Just that by itself can double our silver output when it's back in operation. As I said quickly, Jacobina, a great gold mine for us. We're doing a lot of studies this year to see how much more we can increase the production after we already reached the record production last year of 196,000 ounces. There are a few slides on the silver market. I just want to show two because we're running out of time. There is a real deficit on the silver market now already for three years. It will continue. It's very difficult to see a big improvement on the producing side. It's extremely hard to find large silver operations. All the projects, or most of the really large ones, are in our hands.
And then we have, obviously, for obvious reasons, a very fast increase in demand as you need silver for electronics, for solar panels, for electric cars, you name it. And you need it also in your hospital because it has very strong antibacterial properties. So large increase on the demand side, no increase on the producing side, created that very large deficit. But when you look at the graphs and the forecast, you see there the growth in blue for solar panels, in orange for cars. And just to remind you that an electric car needs two to three times more silver than a combustion engine just because it's in the electronic components.
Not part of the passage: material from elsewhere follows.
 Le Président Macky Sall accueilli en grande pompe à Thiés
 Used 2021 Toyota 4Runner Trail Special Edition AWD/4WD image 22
And the more TVs, sorry, the more screens, the more computers you have in a car, the more silver you need.
So there's a very strong case, obviously, for silver in the future, in the near future, while we don't see more production coming on. So great position to be in. You can see ESG. We talked a bit about it, obviously. And that's not just the last thought here. It's actually the first thought. We have, we report on ESG and publish our report since 2010. So we did that way before anybody asked us to do it. And please feel free to download the news report on our website. There's a lot of information there and a lot of things that we do and always have done to be successful in some of the more complicated jurisdictions in the world. Okay, and with this, I leave it. We have some updated numbers there on the size of the company. It's changing by the day.
Obviously, right now, there is a lot of rerating happening. Strong company, strong projects, focused on cash flow, focusing on improving even further the quality of the assets and harvesting this bull market's coming and harvesting this big increase in silver demand in the world, which I have no doubt will continue for a long time to come. Thank you very much.
Thank you very much. We run over, so we don't have time for questions.